Significant digits can be a frustrating concept if you do not understand the rules. Significant digits are the digits needed to have a precise answer. If you were to take a chemistry class, then you will be familiar with them. Recently, I began working with significant digits in my math class. I think the more you work on a concept the more you understand it. There are different rules when dealing with significant digits. Adding and subtracting numbers have different rules compared to multiplying and dividing numbers.
Adding and subtracting numbers focuses on the accuracy of the answer. The number with the least amount of decimal places is the “winning” number. For example if we are adding 5.36+2.2, the “winning” number is 2.2 because it has the least amount of decimal places. The answer to this problem is 7.56, but since we need to have 1 decimal place the answer is 7.6. In the picture below I have provided an example of a subtraction problem.

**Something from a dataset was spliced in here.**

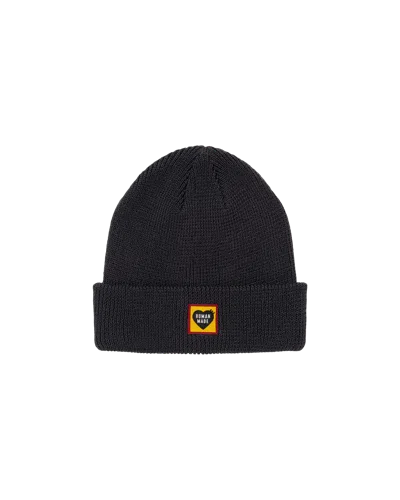 Human Made Kids' Classic Beanie In Gray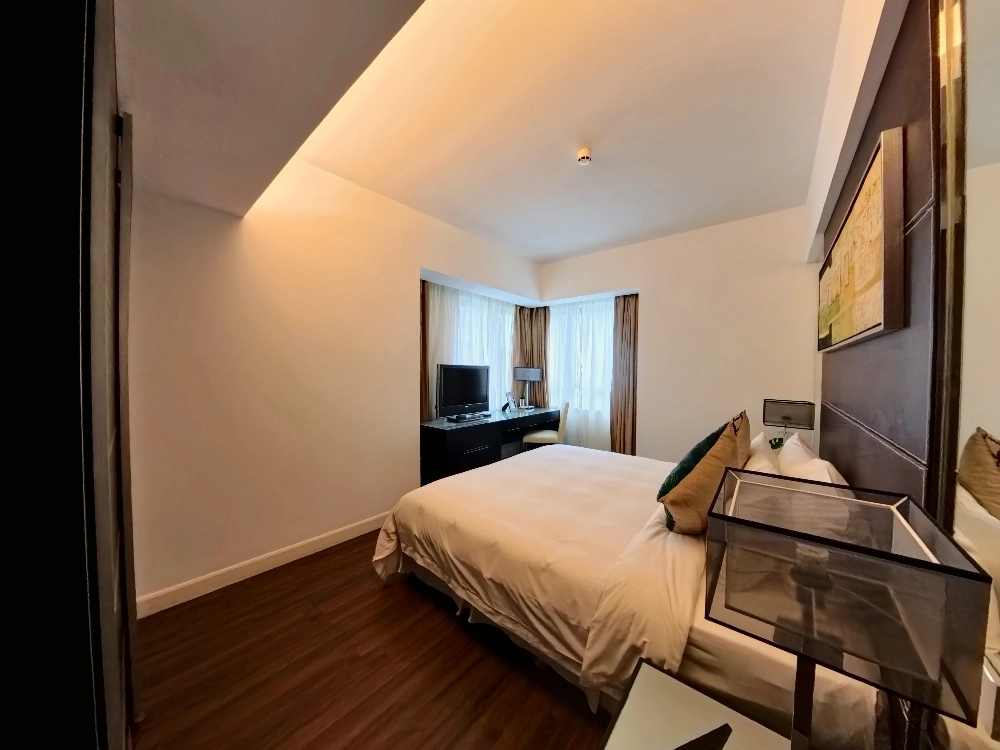 Standard 2-bdr Suite Grand Gateway Garden(6)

Multiplying and dividing numbers focuses on the least number of significant digits. Instead of looking at the amount of decimal places, we look at the whole number and count the amount of significant numbers; therefore, the “winning” number is the number with the least amount of significant digits. The solution to the problem should be rounded to the same amount of numbers as the “winning” number. For example if we are multiplying 82.1×3.2, the “winning” number is 3.2 because it only has 2 significant digits. In the picture above I have included a division problem and some tricky problems dealing with zeroes. I think with effort and determination anyone can understand the rules and differences between adding and subtracting numbers compared to multiplying and dividing!